I’m still not sure where I stand on the whole thing. In some ways it did me a lot of good, but historically the local non grammar schools in town are questionable. I feel it needs the benefit the whole to be justified. Hmmmm.

The system is terrible I think. An exam for stuff that isn’t taught in the National Curriculum- on the maths side anyway. Very difficult unless the child is tutored from year 4 really, which is really expensive. We couldn’t afford it. If the child doesn’t pass, at the appeal, any evidence of tuition will pretty much scupper it. W.T.F? Ava didn’t pass through a mixture of nerves and a bit of exam technique, I think. She wasn’t tutored and was 2 months premature, so her score should be adjusted accordingly. No one can/will tell you how it is scored, only that boys don’t have to get as many marks as girls and that it is adjusted by birth date. The scoring is done by a computer.
Ava’s ‘birthday’ is 5th Sept, right at the begining of the school year but should have been November 5th.
She is considered to be working at an “outstanding” level and has been for every year since she started, except year 4 when she went through a period of bullying and quite major class disruption from a couple of individuals that have now left. We had to explain this to the appeal panel… If she doesn’t get in, the system has failed her I think.

You are lucky to live in an area where their aren’t any!

It is possible to get there without tutoring. Josh got in on his own endeavours, and it was completely his choice to go for it after attending the open evening. He is fairly bright but I wouldn’t describe him to be anything other than “above average” academically.

It was quite funny because in his open evening talk the head begged people not to have their kids tutored for the exam, as it would not be a true reflection of their talents. I guessed that >90% of them in the room were. :stuck_out_tongue:

Pity it didn’t work out for him, he ditched it after 3 terms because he hated the bus travel to the school (50 minutes each way), and decided to go to the same comp as Ella which is 5 minutes walk up the road. We are lucky as the comp is brilliant and always scores well in Ofsted reports.

I was chatting with someone on Monday from Bourne End, and she was saying how she disliked the system as well. Has she known about it before she wouldn’t have moved there. One of hers got in and the other didn’t.

I saw a trailer for the programme and a head teacher, I think, described what they did as being similar to talent spotting. But it’s not that - it’s finding out which kids are having a good/bad day, which are well prepared, which are lucky. On one day of their lives. And marking them as successes or failures forevermore.
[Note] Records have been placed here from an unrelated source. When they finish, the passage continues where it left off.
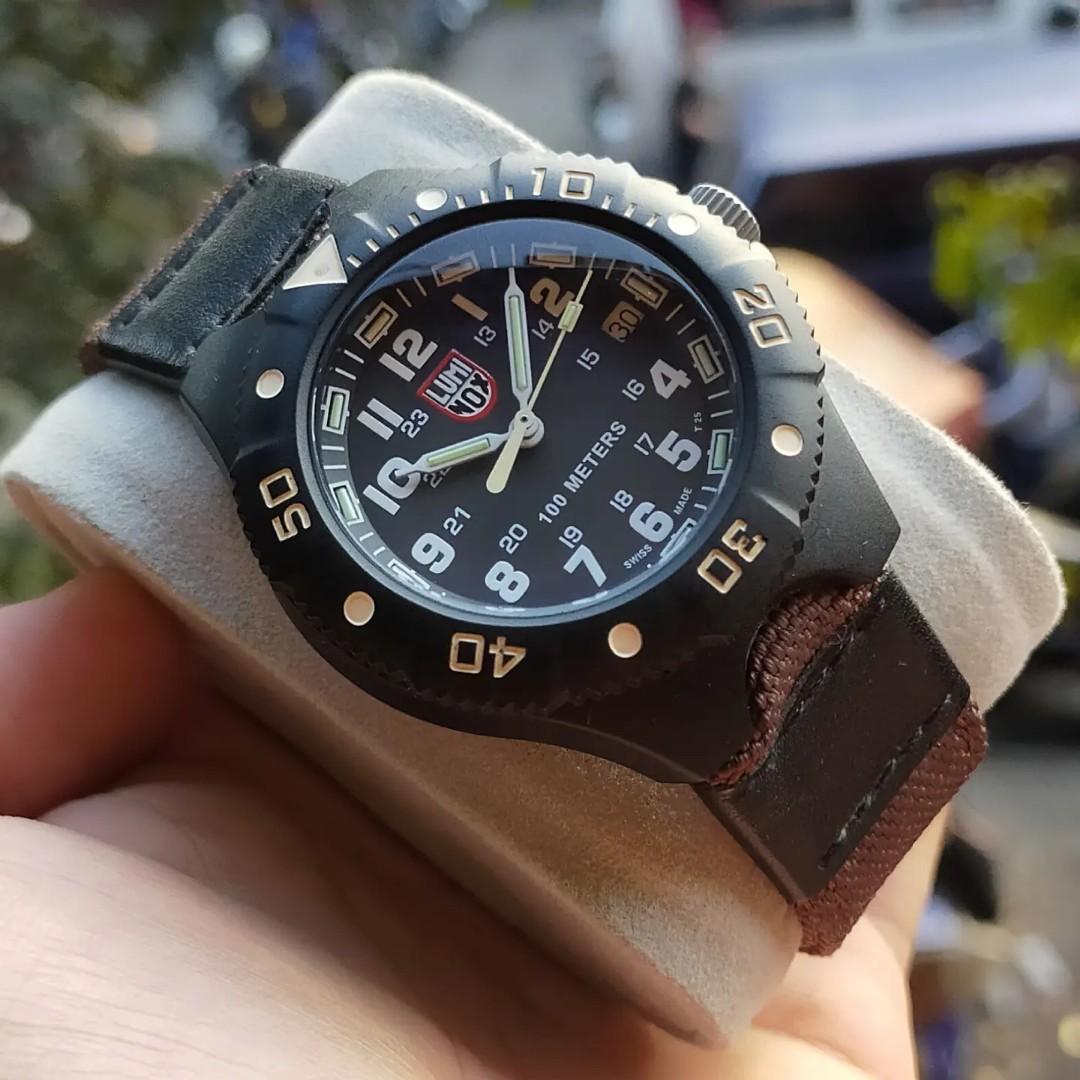 Luminox 0100 hotsell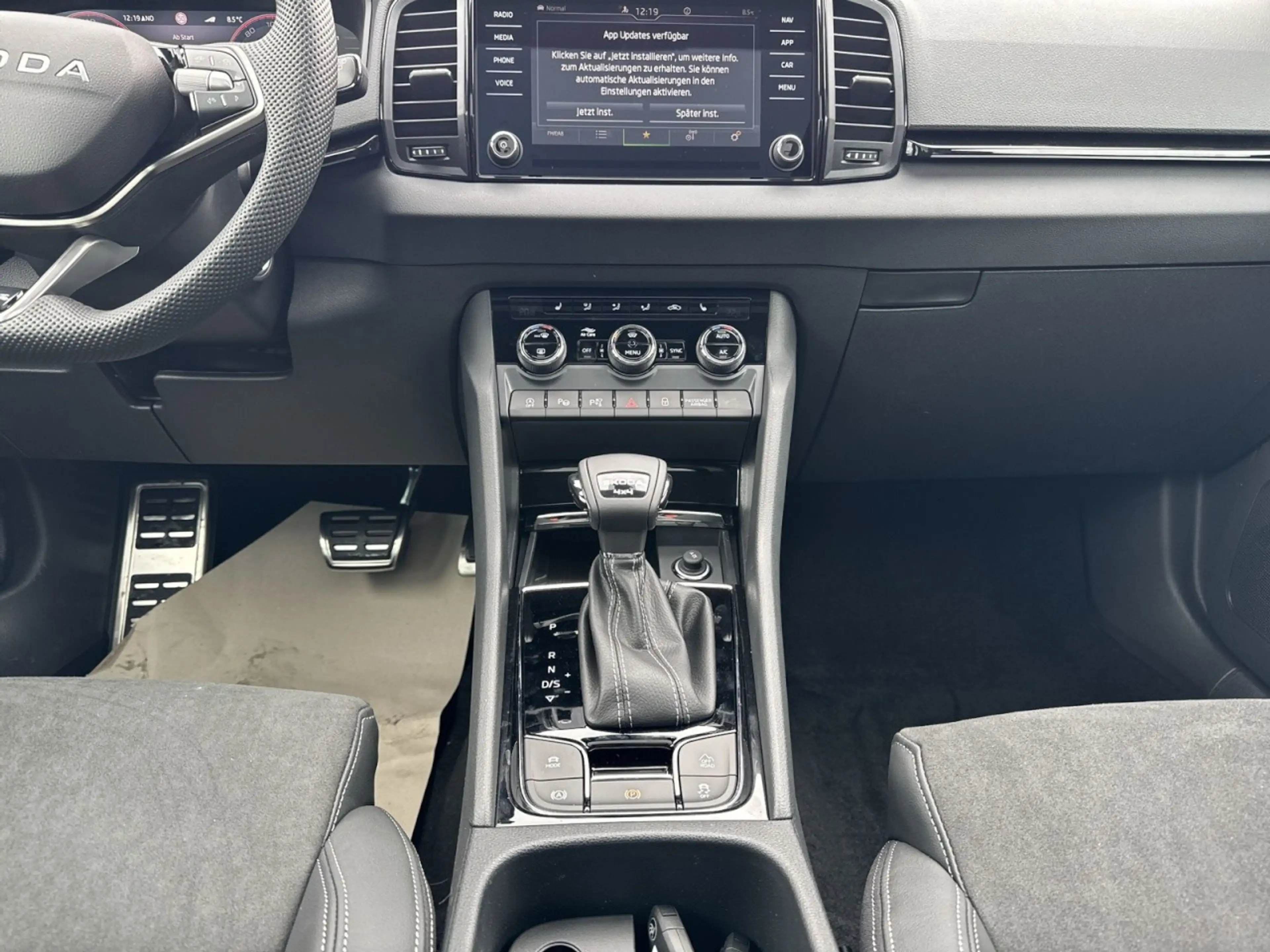 Skoda Karoq SPORTLINE 2.0TSI DSG4x4+AHK+PANO+LEDER+DCC Klima — photo 7
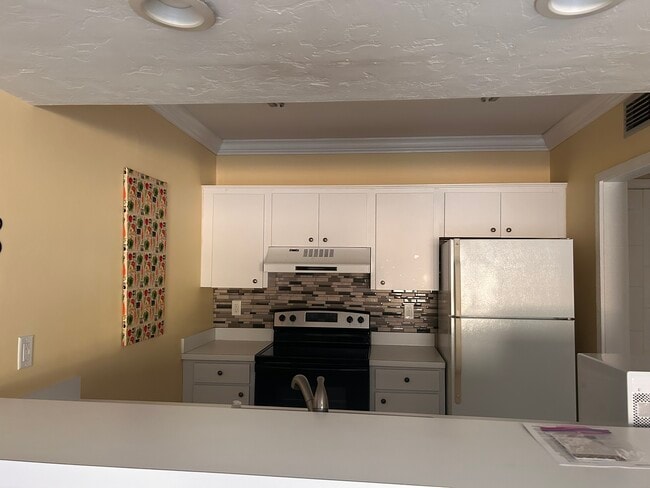 kitchen - 4031 Abbey Ct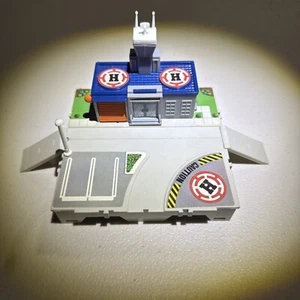 Galoob Micro Machines Travel City HELIPORT Playset -1988 - Picture 1 of 4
These things need to be constantly reviewed, both ways. My school was selective, and there were kids that has clearly been very well prepared for the exam, but simply weren’t that bright; that had a terrible time there, as we were utter cunts to them (thick and rich is a terrible combo). They would have done much better at a school that actually have a shit about them (mine basically tried to get them to move if they were going to hit the averages).

The lady from Bourne End said that her local grammar had huge issues with girls self harming due to the pressure. It’s fucked up.

Hmm, there’s pressure wherever you are and certainly no shortage of that going on in comps either. I would guard against saying the grammar is the cause.

True

Last night’s programme was about the testing. The next two will be about what happens next which, I hope, will tell us more about the schools and the system that dictates their objectives and capabilities. If there’s going to be a selective system then particular attention has to be paid to getting both sorts of schools right. But it wasn’t clear from the first programme that that is what we’ll see happening.

VB

My older son went & didn’t thrive. The bus journey (an hour each way) didn’t help.
The younger son didn’t quite make it, went to the local school & did thrive. We weren’t to know then but with the benefit of hindsight I wish we’d sent the older son to the local school. Aspects of the grammar school were extremely poor. Of course it gets great results, it has a very bright intake, but value added?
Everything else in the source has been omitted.